Simulation and Experimental Research on Fuel Spray Characteristics of a Self‑pressurized Injector

As a miniaturized direct injection (DI) solution, a self-pressurized injector is of great significance for small aviation piston engines, such as spark-ignited two-stroke heavy-fuel engines. The spray characteristics of DI injectors are an important application prerequisite. In this paper, the computational fluid dynamics (CFD) software AVL Fire is employed to study the spray characteristics. Two types of spray models are established based on the Han Sheet model and the KH-RT model, and simulation works are carried out according to two types of spray tests in the literature. The comparison results show that in the constant volume bomb test, the spray patterns obtained by simulation under the two sets of environmental pressures are similar to those in the experiment, and the simulation spray using the KH-RT model can fit the spray contraction of the near nozzle field and the vortex of the far nozzle field better.
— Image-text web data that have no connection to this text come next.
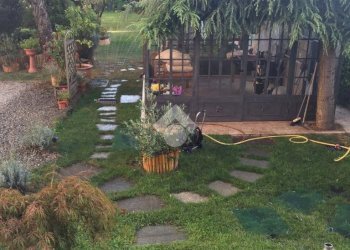 Villa Via lanzo, Ciriè - foto 30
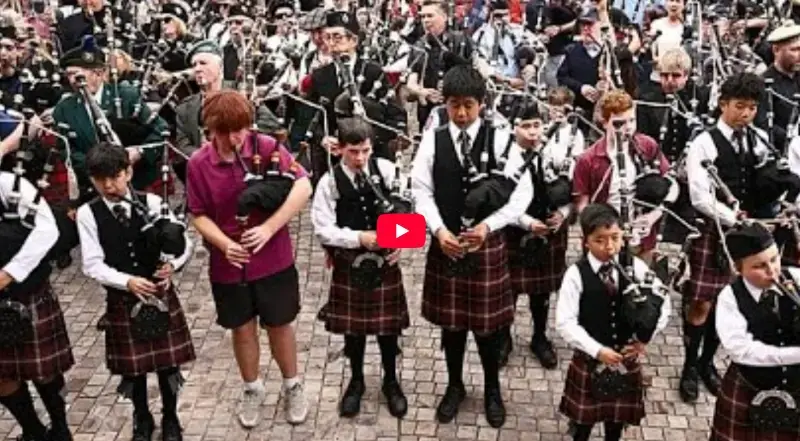 gossiplanka image 2 gossiplanka image 2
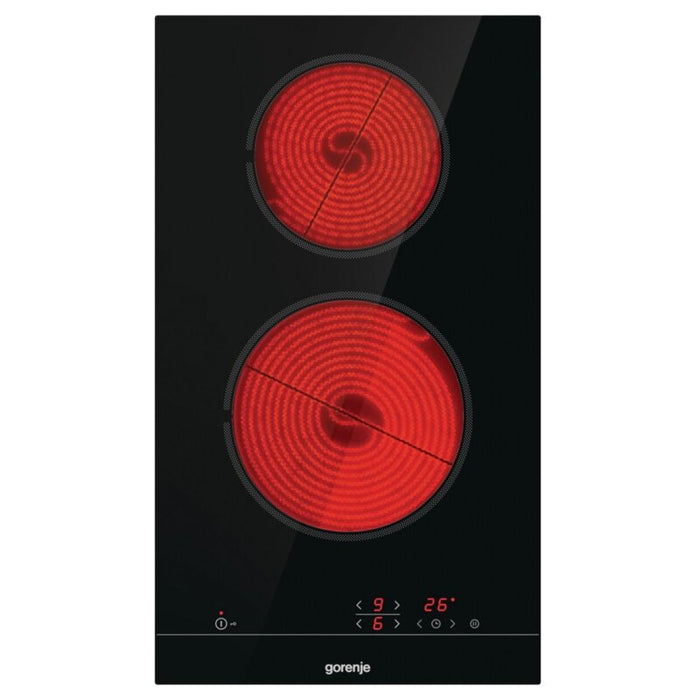 Плот за вграждане GORENJE ECT321BSC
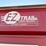 ez-trail-510-image-4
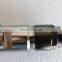 genuine and brand new injector 0445120289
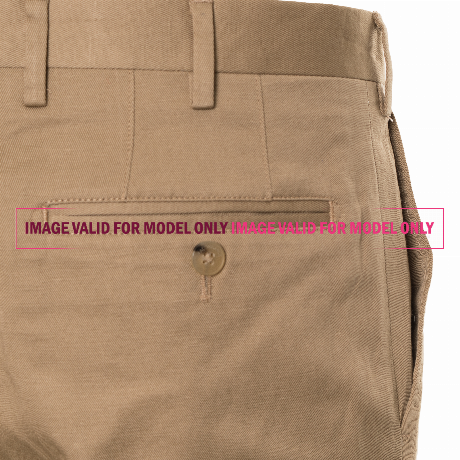 FACONNABLE FM800067 - MARINE - BERMUDA AND SHORTS - Image 2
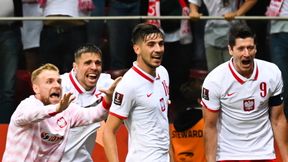 Wielki problem reprezentacji Polski. Będzie sensacja?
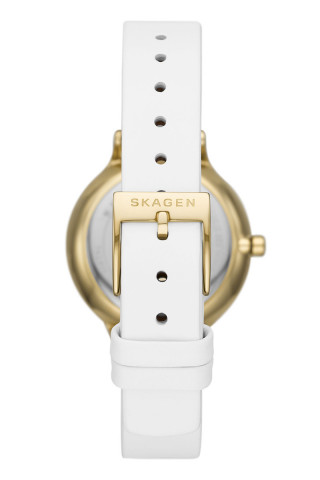 Skagen Satovi 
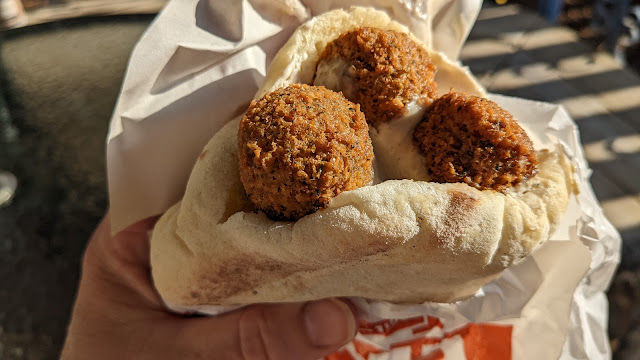 תמונה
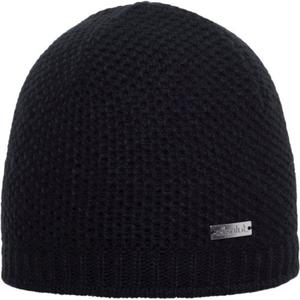 18134-11-bonnet-femme-eisglut-fayl-schwarz-tu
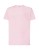 jhktshirt_tsra190_pk.jpg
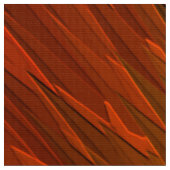 Tissu Récolte..... (Fermer)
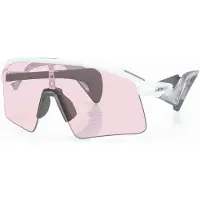 Oakley Stunt Wing Solbriller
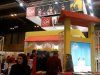 Presentan Directorio Eventos Cuba en Feria Internacional de Turismo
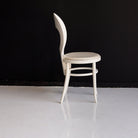Baumann Seagull Chair - elsie green - furniture
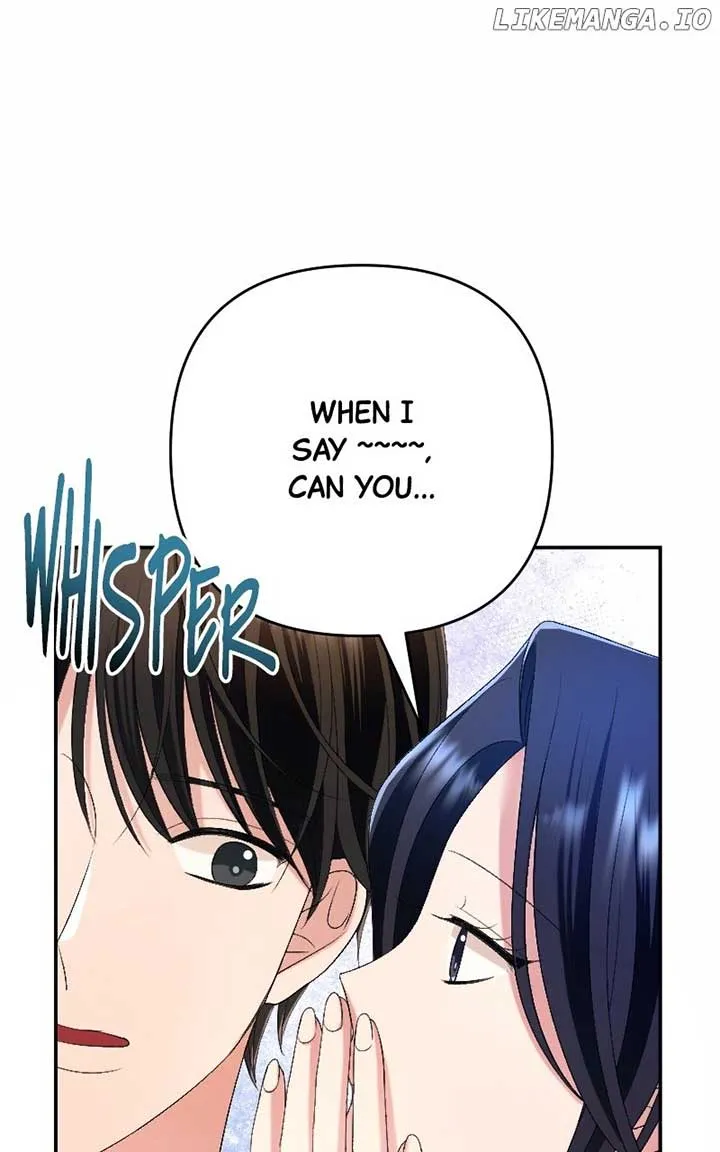The Worst Villain Chapter 58 Online - página 50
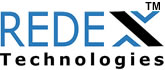 redex_logo RedexTechnologies Logo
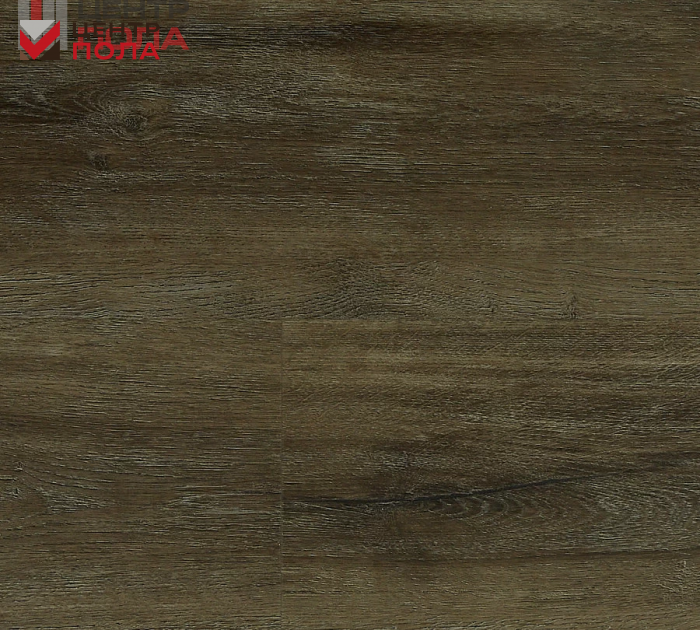 Кварцвинил Vinilam Ceramo Vinilam XXL 8890-EIR Дуб Лугано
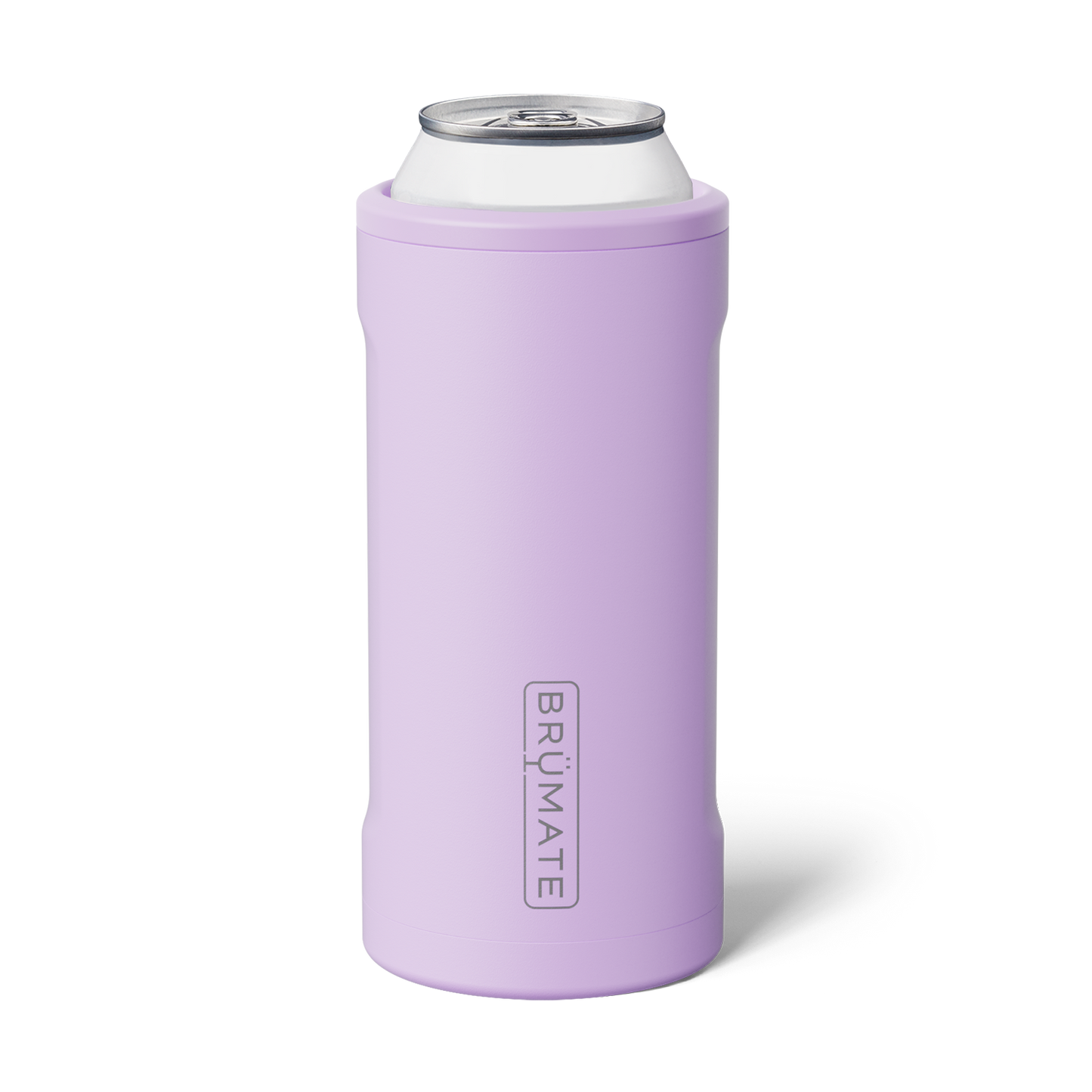 hopsulator-juggernaut-b1 Hopsulator-Juggernaut-Lavender_73e1011d-bfeb-4a9e-8b30-17df80a185fc.png
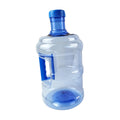 5L Water Storage Container with Handle U574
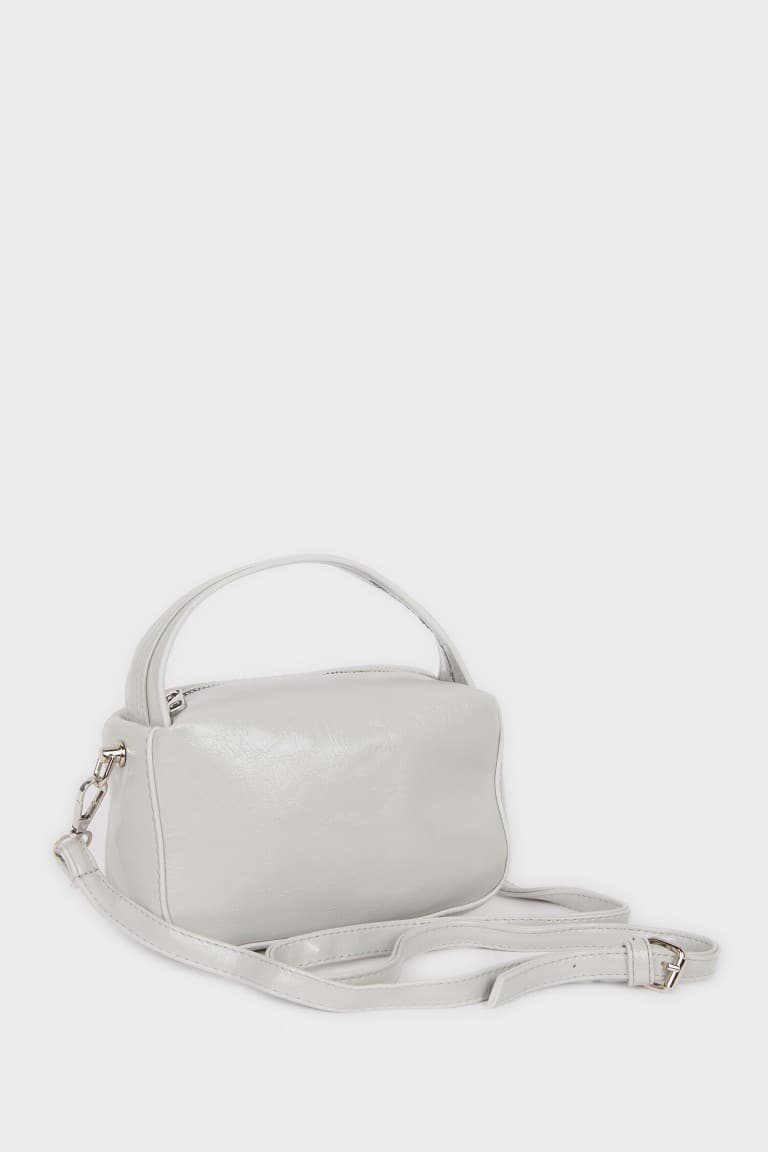 Women Crossbody Bag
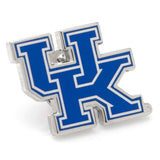 NCAA University of Kentucky Wildcats Lapel Pin - Cufflinks.com - Flyclothing LLC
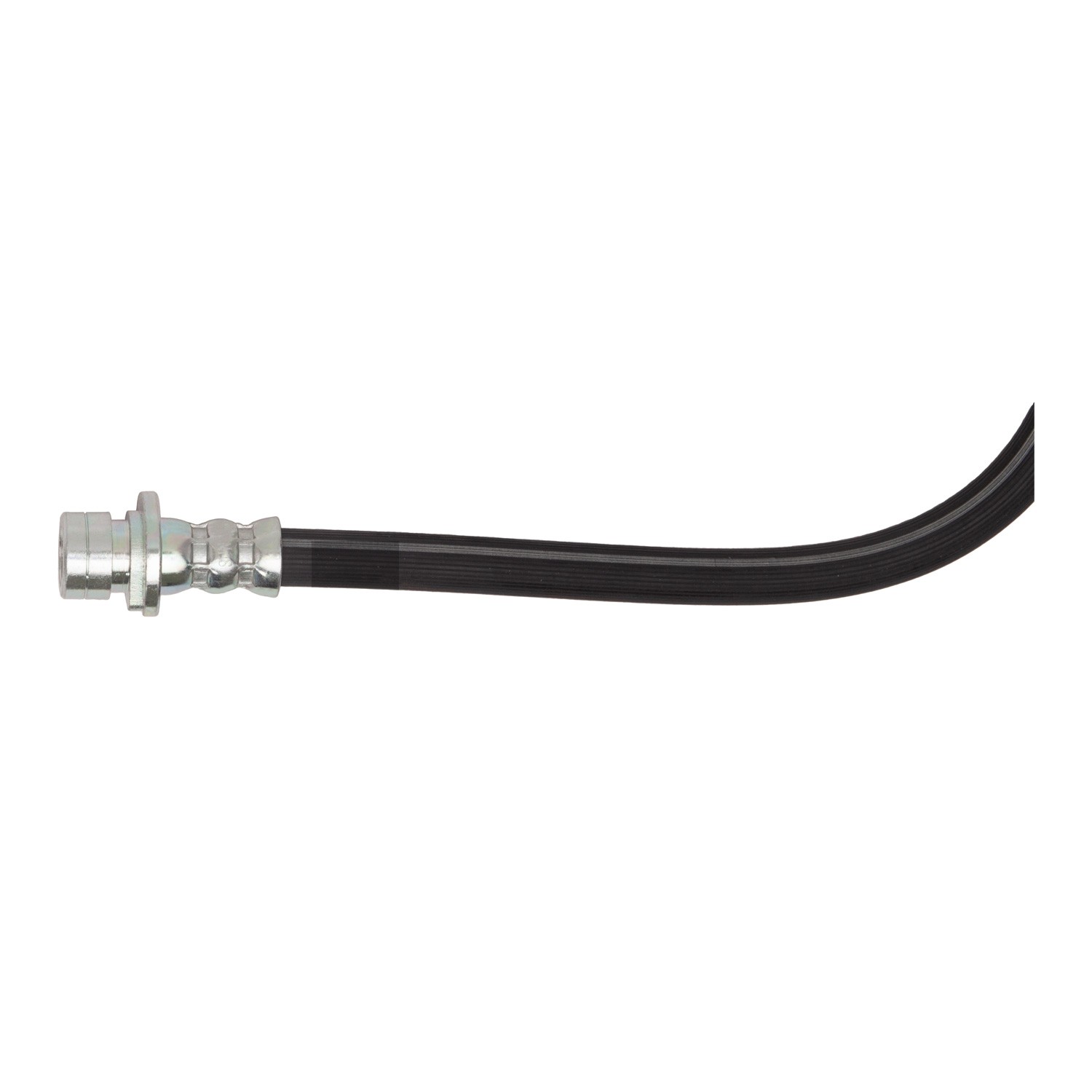 DYN 350-59117 DFC Brake Hose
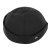 Le Szapo Docker Waterproof Black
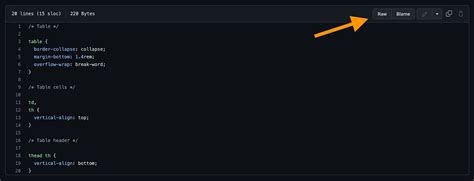 Terminals Github Download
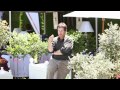ARTSCAPE WITH LATITUDE View Video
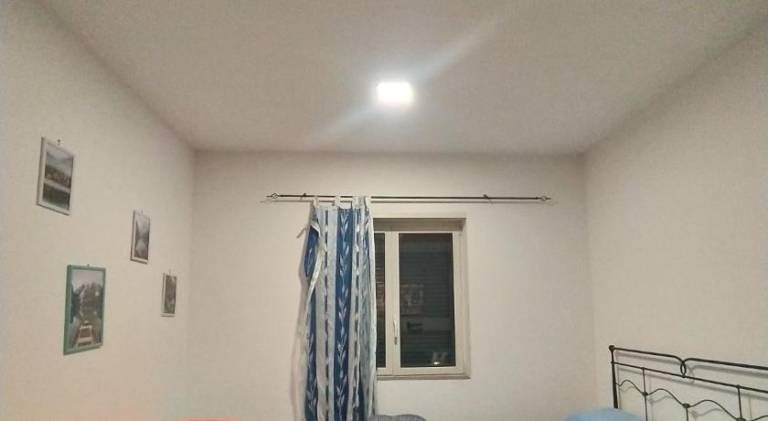 foto26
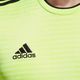 Adidas adidas T-shirt Condivo 18 Training Jersey 685 : Rozmiar - M (CF0685) - 11910_168011 3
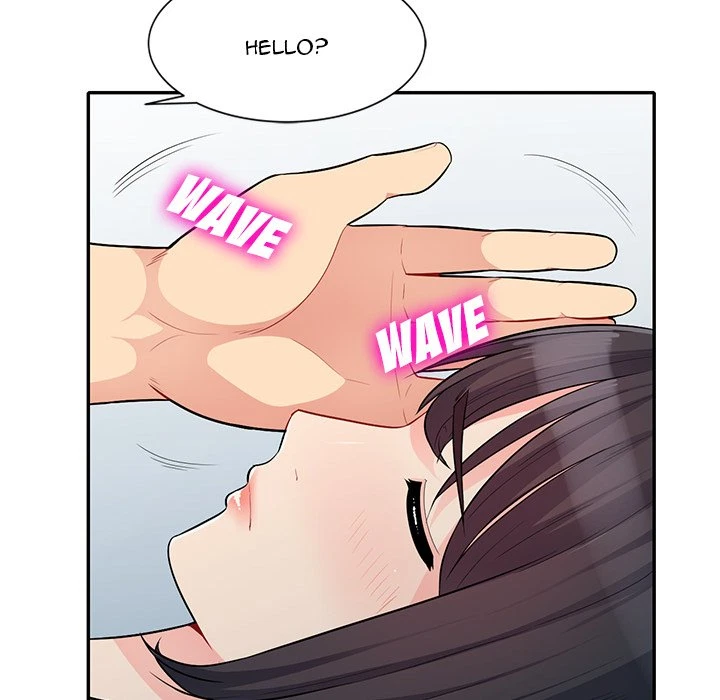 Chapter 28, page 20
In the tube test, the spray patterns obtained by simulation under the five sets of flow velocity are similar to those in the experiment, and the simulation spray using the KH-RT model can fit the spray expansion and the vortex of the far nozzle field better. The RP-3 kerosene spray characteristics of the self-pressurized injector are also experimentally studied, and the results demonstrate that due to the higher viscosity of kerosene, the spray shrinks more easily, resulting in a smaller spray cone angle and larger penetration. Therefore, changes in environmental pressure have greater impact on the kerosene spray pattern.